Going from the line that contains "Cornerstone Inn & Suites Oelwein - image 4" through the last line of the records, set down each line again exactly, both included, with pictures left out.
*** Provided data Section Begins ***
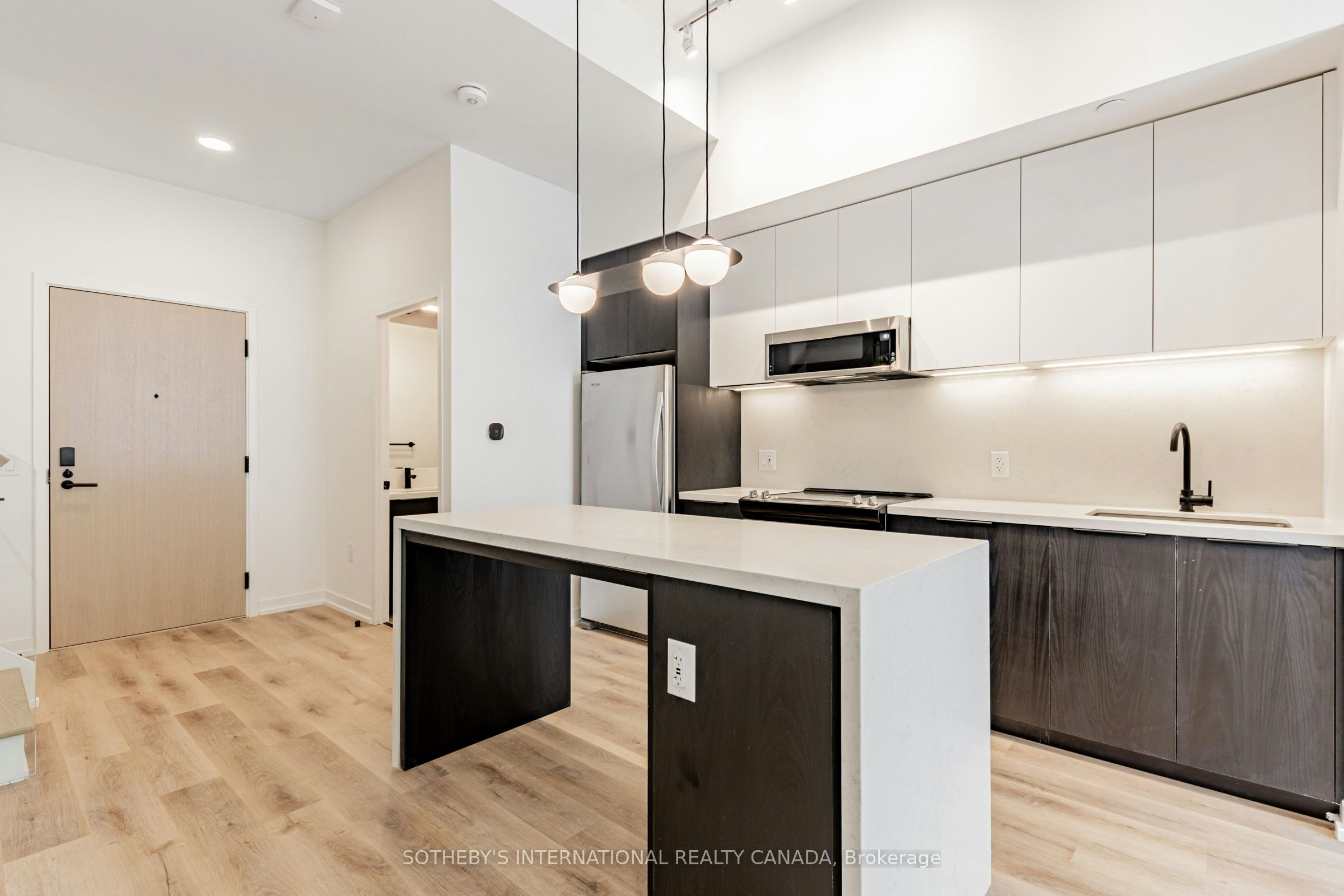 TH104-5 York Garden Way, Toronto, ON, M6A 2V1 - 3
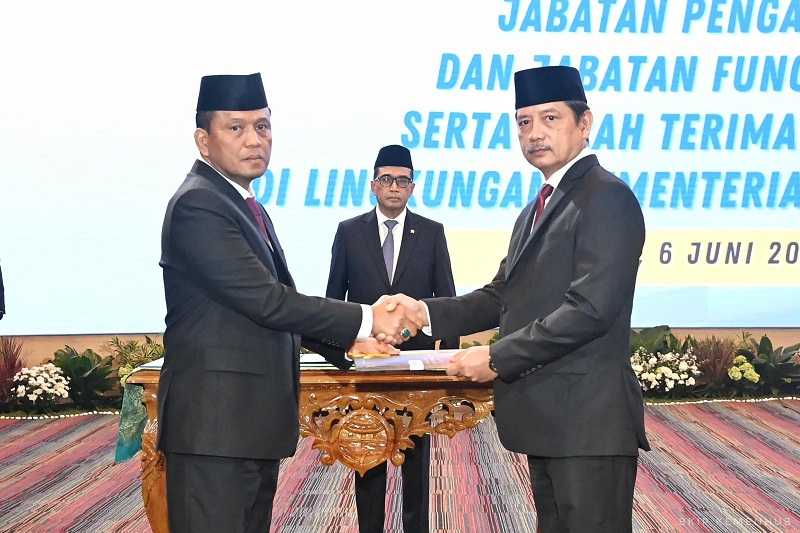 Menhub Lantik Risyapudin Nursin sebagai Dirjen Perhubungan Darat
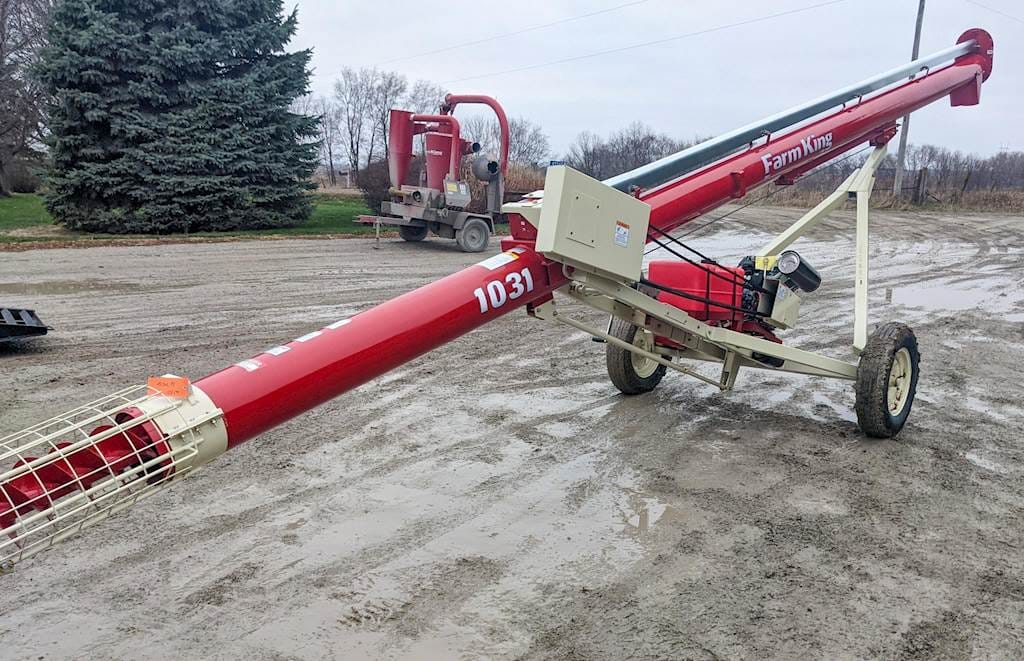 2024 Farm King 1031 Equipment Image0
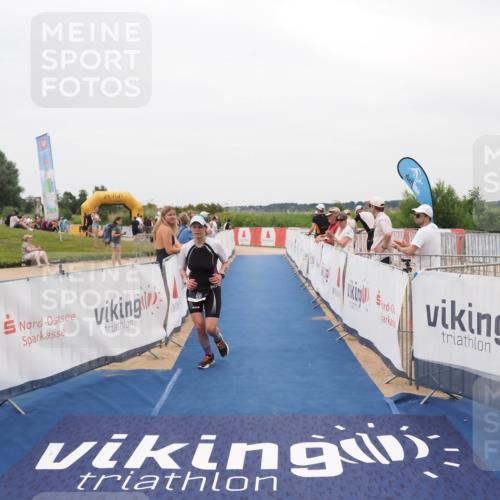 22.06.2025 - Viking Triathlon MichiJ http://msf.ph/oto/8132815 22.06.2025 15:49:27 Ziel 86 meine-sportfotos.de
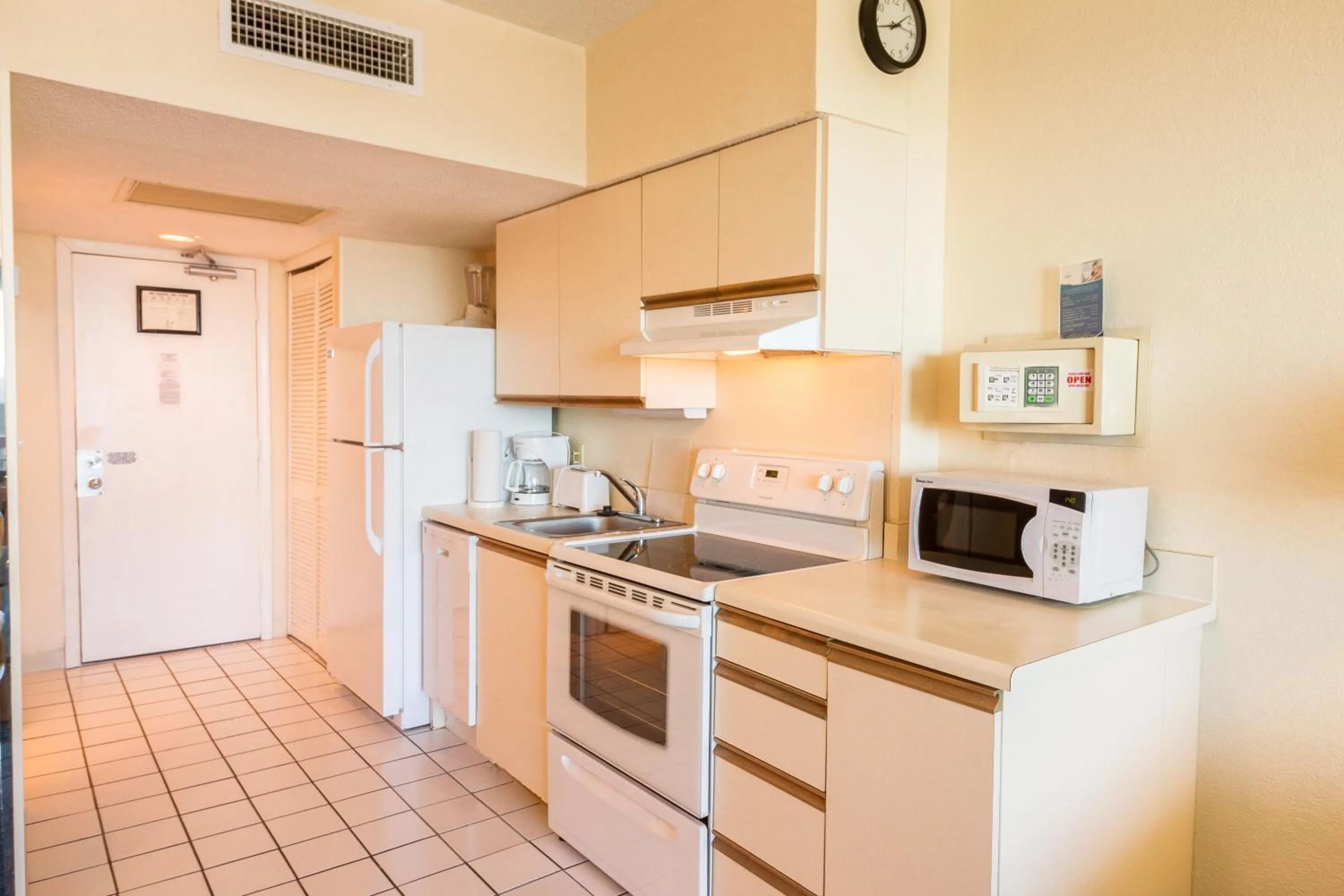 Kitchen or kitchenette in Yachtsman Oceanfront Resort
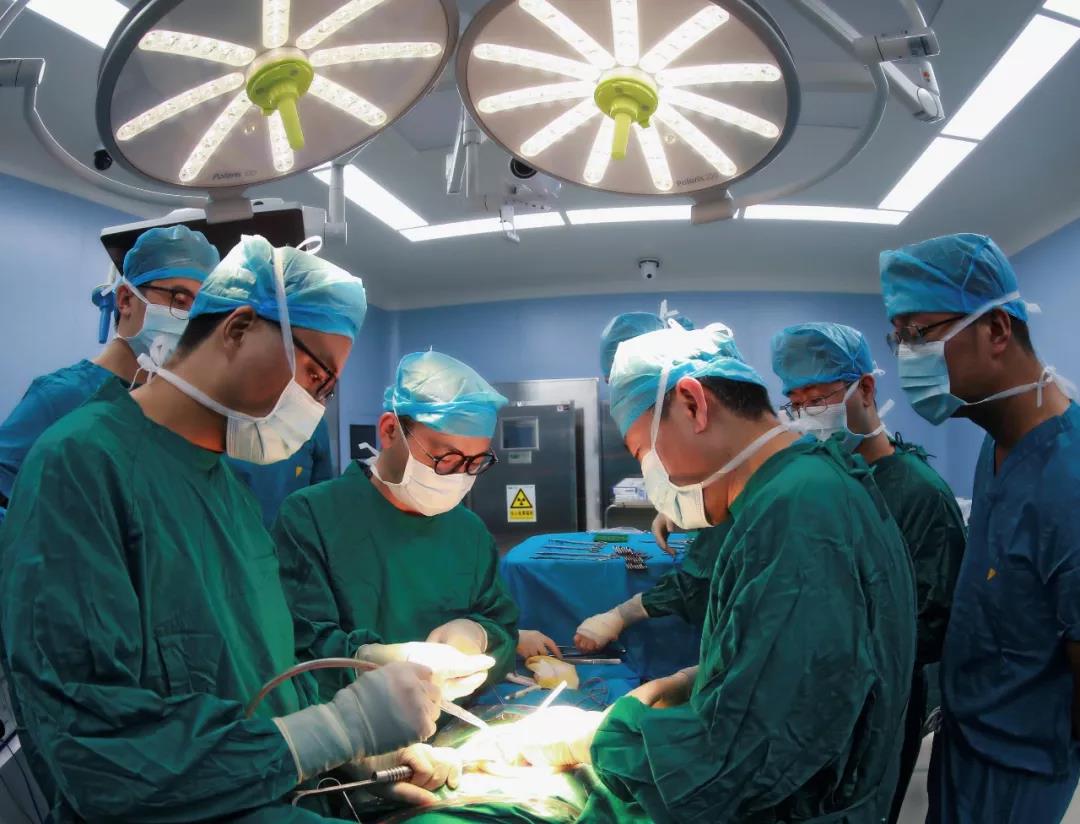 西安国际医学中心消化病医院消化外科成功完成首例高难度胰腺肿瘤切除术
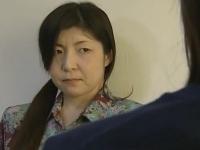 熟女妻が自宅でだいしゅきホールド不倫ファックの痙攣イキ。それを知った盲目の娘が母を軽蔑。でも自分も抱かれる妄想オナニー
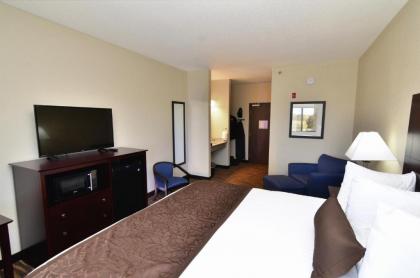 Cornerstone Inn & Suites Oelwein - image 4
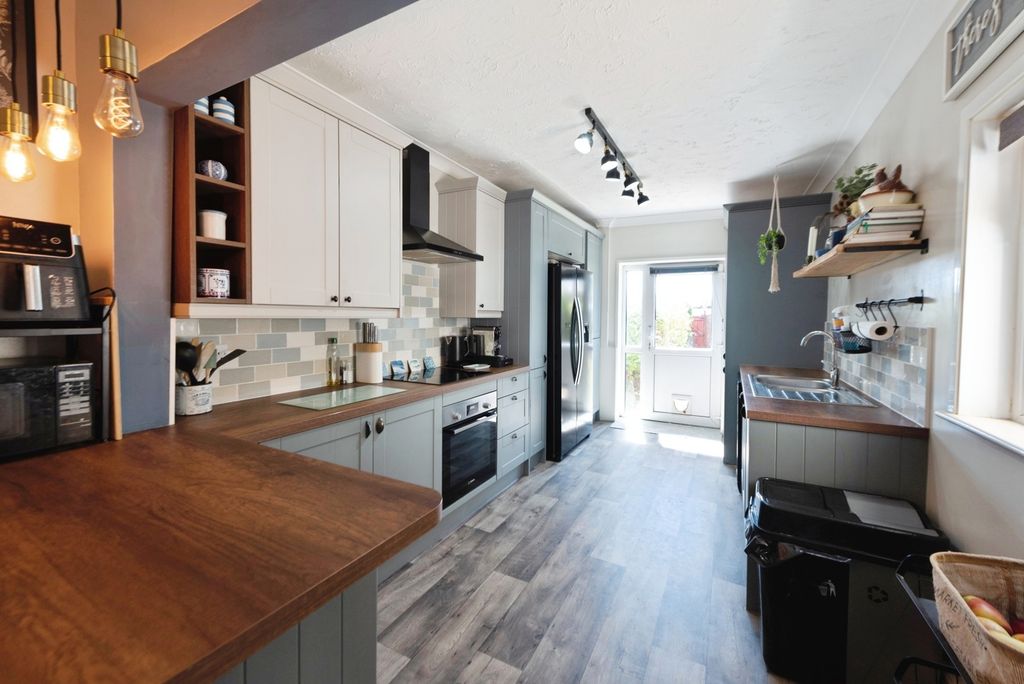 Property photo 3 of 18 Pbox-Img.Jpg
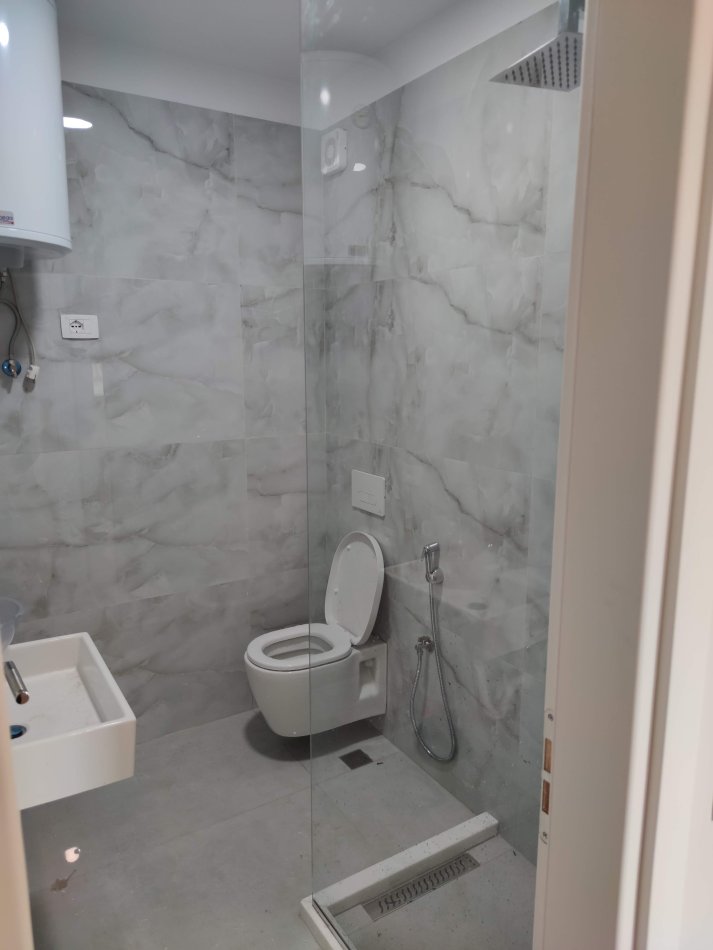 Tirane, jepet me qera apartament 2+1+Ballkon Kati 7, 100 m² 600 € (Bulevardi Zhan D'arkk)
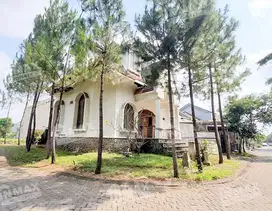 Jual Rumah Etnik Pojok Murah 2lt Araya Mlg Terawat Siap Nego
*** Provided data Section Ends ***
Solution below:
 Cornerstone Inn & Suites Oelwein - image 4
 Property photo 3 of 18 Pbox-Img.Jpg
 Tirane, jepet me qera apartament 2+1+Ballkon Kati 7, 100 m² 600 € (Bulevardi Zhan D'arkk)
 Jual Rumah Etnik Pojok Murah 2lt Araya Mlg Terawat Siap Nego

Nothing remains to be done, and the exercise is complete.